Alors que l’année 2024 s’achève, un paradoxe majeur interpelle les observateurs économiques : une incertitude et une fragmentation mondiale croissantes contrastent avec la résilience, voire la progression, des marchés boursiers mondiaux, à quelques exceptions près. Cette dynamique complexe nécessite une analyse approfondie des moteurs économiques actuels et des perspectives pour l’année 2025. Michala Marcussen, Chef Économiste du Groupe, nous éclaire sur cette situation.

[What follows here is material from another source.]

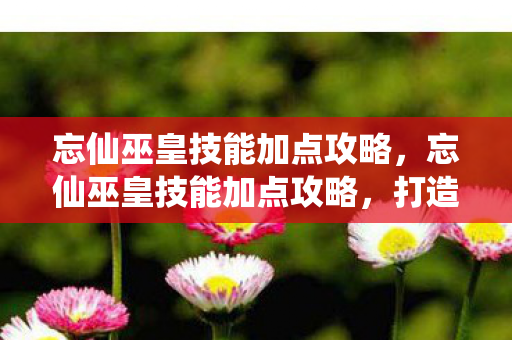 忘仙巫皇技能加点攻略，忘仙巫皇技能加点攻略，打造最强巫皇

L’Héritage Trump et les incertitudes persistantes
Plusieurs facteurs contribuent à l’incertitude ambiante. L’un des principaux concerne la gestion par la nouvelle administration Trump des nombreux défis nationaux et internationaux. Pour l’instant, les marchés semblent accorder le bénéfice du doute à cette administration, anticipant des politiques favorables aux entreprises, telles que des réductions d’impôts et une déréglementation, tout en espérant une application modérée des mesures protectionnistes annoncées (tarifs douaniers, restrictions sur l’immigration).
Il est important de souligner le rôle crucial de la forte augmentation de l’immigration aux États-Unis ces dernières années dans la performance économique du pays. Cette immigration a soutenu la consommation en stimulant la demande et a augmenté la main-d’œuvre disponible, limitant ainsi les risques de spirales salaires-prix du côté de l’offre.
Cependant, le contexte actuel diffère significativement de celui de la première administration Trump. Les taux d’intérêt sont plus élevés, la dette publique a augmenté et l’inflation demeure une préoccupation majeure pour la Réserve fédérale (Fed). De plus, les droits de douane sur les produits chinois atteignent désormais 20 %, contre seulement 3 % lors de l’arrivée au pouvoir de Trump. En tenant compte d’un monde plus fragmenté et de risques climatiques accrus, il est évident que la marge de manœuvre économique de l’administration américaine est considérablement réduite.
Les marchés actions et les facteurs de soutien en 2024
Malgré ces risques importants, plusieurs facteurs expliquent le soutien dont bénéficient les marchés actions en 2024. Parmi ceux-ci, les baisses de taux d’intérêt des grandes banques centrales jouent un rôle primordial. Les investisseurs anticipent la poursuite de cette tendance en 2025, ce qui renforce la confiance dans les marchés financiers.
La situation particulière de la France : Entre tensions et défis
La France constitue une exception notable parmi les marchés actions. Les incertitudes politiques et économiques pèsent lourdement sur l’économie réelle et sur le CAC40. La reconstruction des finances publiques représente un défi majeur à court terme, bien que les bénéfices à long terme soient potentiellement significatifs. Actuellement, les rendements obligataires français à long terme égalent ceux de l’Espagne et se rapprochent de ceux de la Grèce. L’absence d’une trajectoire crédible et durable des finances publiques pourrait entraîner un élargissement continu des écarts de rendement (spreads), qui pourraient atteindre les niveaux observés en Italie.
Cette hausse des spreads a pour conséquence un resserrement des conditions de crédit, ce qui freine l’investissement des entreprises, l’emploi et le marché immobilier. Le consensus prévoit désormais une croissance du PIB français inférieure à 1 % en 2025, contre une prévision de 1,3 % cet été, illustrant l’impact des incertitudes sur les perspectives économiques.
L’Europe à la croisée des chemins : Un appel à l’action
À l’échelle européenne, les rapports Letta et Draghi mettent en avant des solutions pour améliorer la compétitivité de la région. Bien que l’Europe regorge d’idées innovantes, leur mise en œuvre représente un défi majeur. De nombreuses entreprises prometteuses choisissent de quitter l’Europe pour saisir des opportunités de croissance ailleurs, soulignant l’urgence de créer un environnement plus favorable à l’épanouissement économique au sein de l’Union.
Malgré des progrès récents jugés insuffisants, l’espoir demeure qu’un ordre mondial en mutation puisse inciter l’Europe à exploiter pleinement son potentiel. Cela permettrait non seulement de stimuler la croissance économique, mais aussi de préserver ses modèles de protection sociale uniques. Les prochaines années seront cruciales pour l’émergence d’une Europe plus compétitive et résiliente face aux défis mondiaux.